Book Review: “Where Good Ideas Come From” by Steven Johnson
Another good title by Steven Johnson that provides insights on elements related to how innovation happens, how to foster it and what to look out for to set up an environment where innovation can thrive. Though not exhaustive, I found the book interesting and took a decent amount of notes around the following areas.
The adjacent possible
The world is capable of any extraordinary change, but timing matters. This is similar to the “standing shoulders of giants” concept. For example, the invention of the spectacles in the XIII century enabled a number of other inventions like the telescope, the microscope, etc. And when Gutenberg invented the press and democratised the access to books, people realised they were farsighted and needed spectacles, which enabled mass market adoption for the product.
The point here is that the stories of isolated eureka moments that lead to big inventions are rarely true. The trick to having good ideas is not to sit in glorious isolation but rather about getting more parts on the table to work with. Building open networks that allow for information spillover have always been effective ways to spur innovation.
Chaos is a productive way to explore the adjacent possible. Industrialisation brought the view that processes, efficiency and order are qualities to strive for in business. The counterintuitive idea here is that disorder in fact allows for tinkering with new ideas, allow for information spillover and enable change.
The intersection between different disciplines
Hunches that don’t connect are doomed to stay hunches. The transition from a hunch to an idea takes time and without a way to materialise them they get lost to the more pressing needs of day-to-day issues.
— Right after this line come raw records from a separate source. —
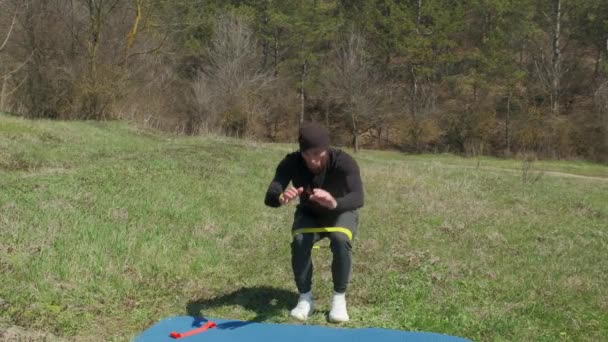 Playful Sportsman Extends Leg Him Fitness Mat Park — Stock Video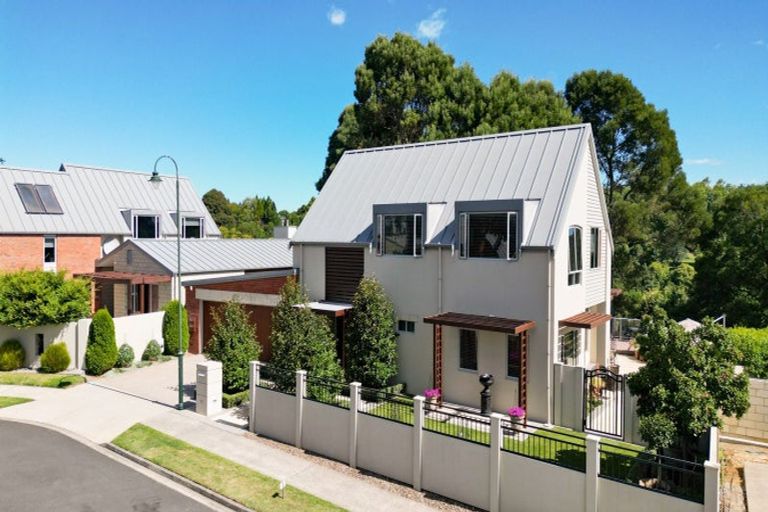 Photo of property in 16 Le Quesnoy Place, Cambridge, 3434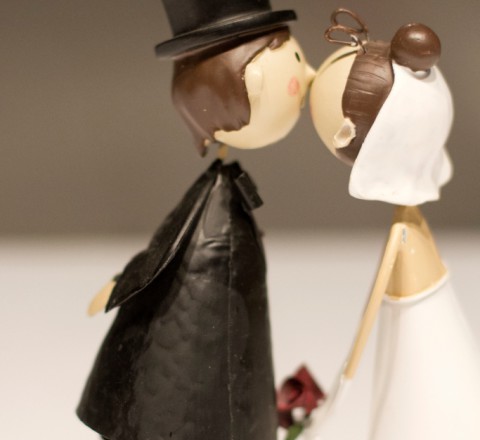 cake topper sposini che si baciano dettagli per torta nuziale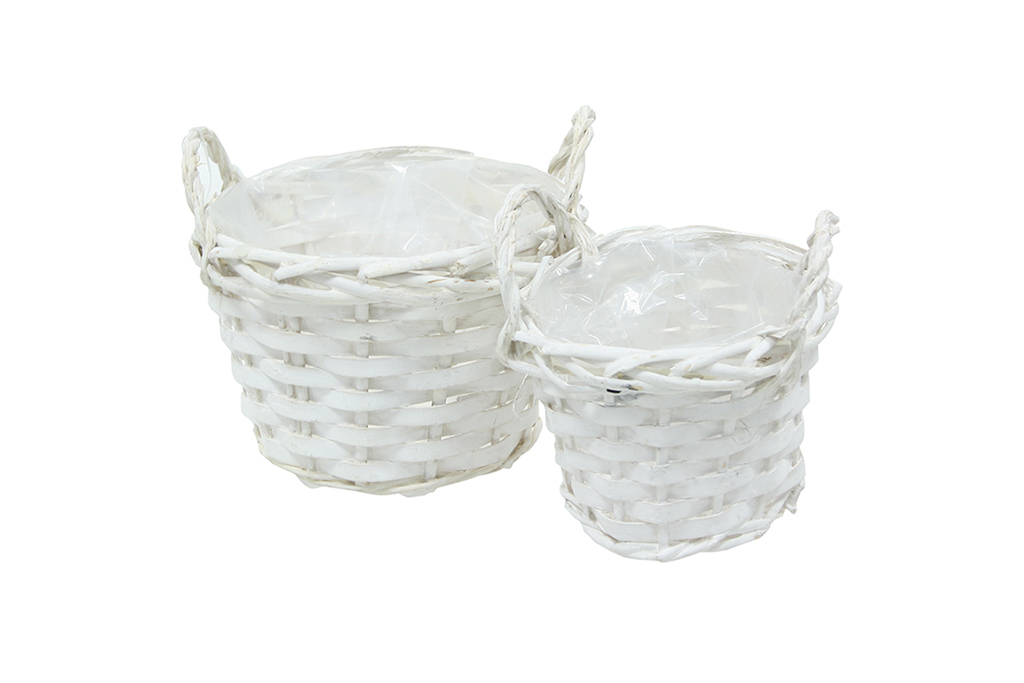 Bonito y práctico set de dos cestas de mimbre de color blanco.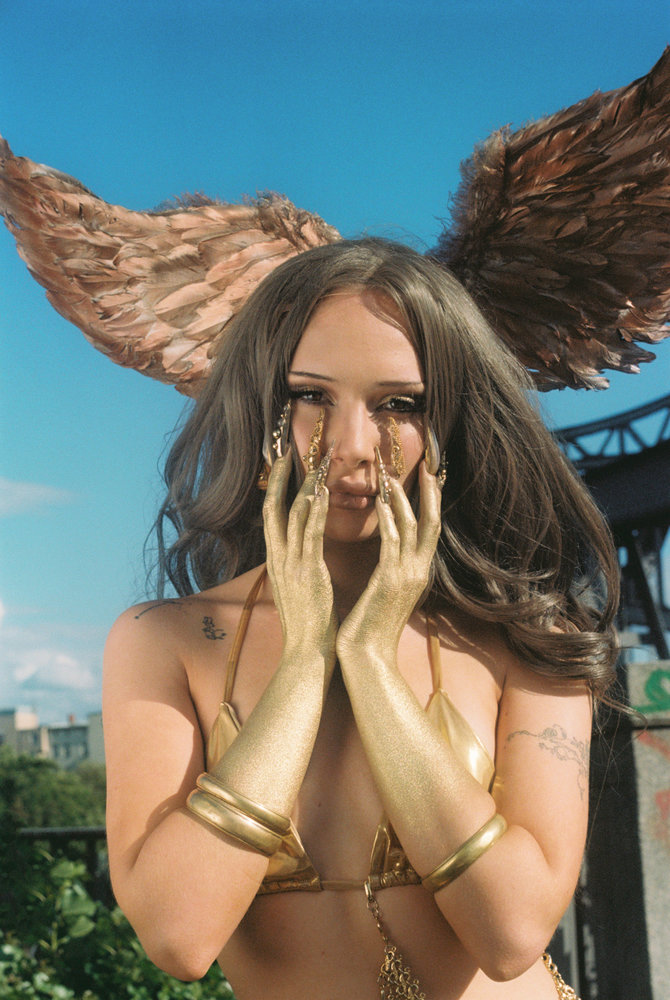 Modern Angel by lily carmesi + sofia goicoechea for artwings berlin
The tradition of maintaining a commonplace book, where ideas were written down in a non-structured format, helped spur innovation and new ideas in the XVII century.
Browsing the stacks in a library is a good way to discover and connect with new ideas across different fields. The raise of the Web has helped serendipity by building a global distributed medium in which anyone can be a publisher. Conversely, hypertext has led to a decline in serendipitous discovery: we went from browsing to looking things up.
A shocking large number of transformative ideas can be attributed to contaminated laboratory experiments. For example, Fleming’s discovery of penicillin when mold infiltrated a culture of Staphylococcus. Good ideas are more likely to emerge in environments that contain noise and error. Innovation thrives on useful mistakes and get suffocated with the demands of quality control.